Provided material:

----------------------------------------

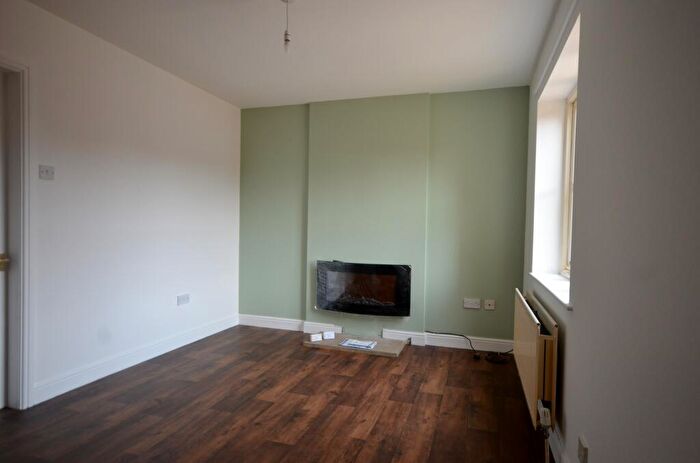 1 Bedroom Terraced House To Rent In Station Approach, Louth, LN11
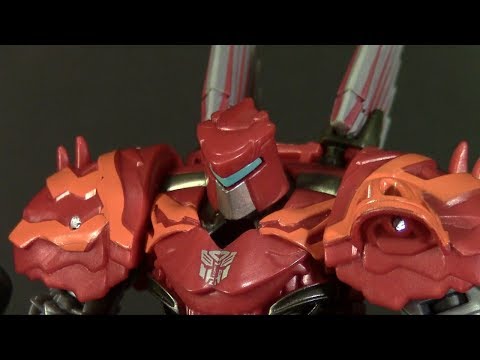 TJ Reviews: Age of Extinction Scorn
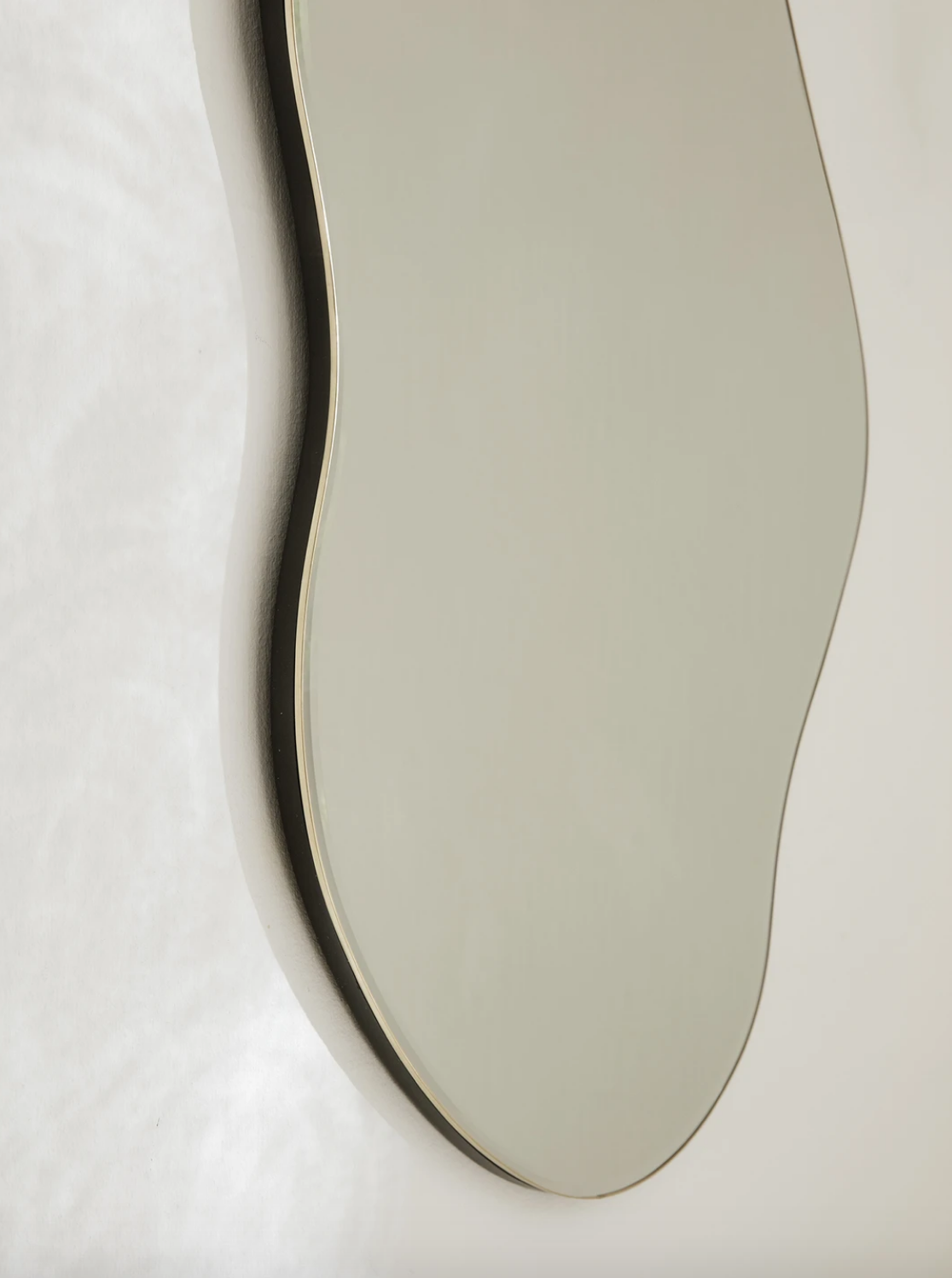 Ferm Living Pond Mirror- Large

----------------------------------------

Problem details: When copying the material, leave every image behind and keep each line verbatim.

Output for this exercise:
 1 Bedroom Terraced House To Rent In Station Approach, Louth, LN11
 TJ Reviews: Age of Extinction Scorn
 Ferm Living Pond Mirror- Large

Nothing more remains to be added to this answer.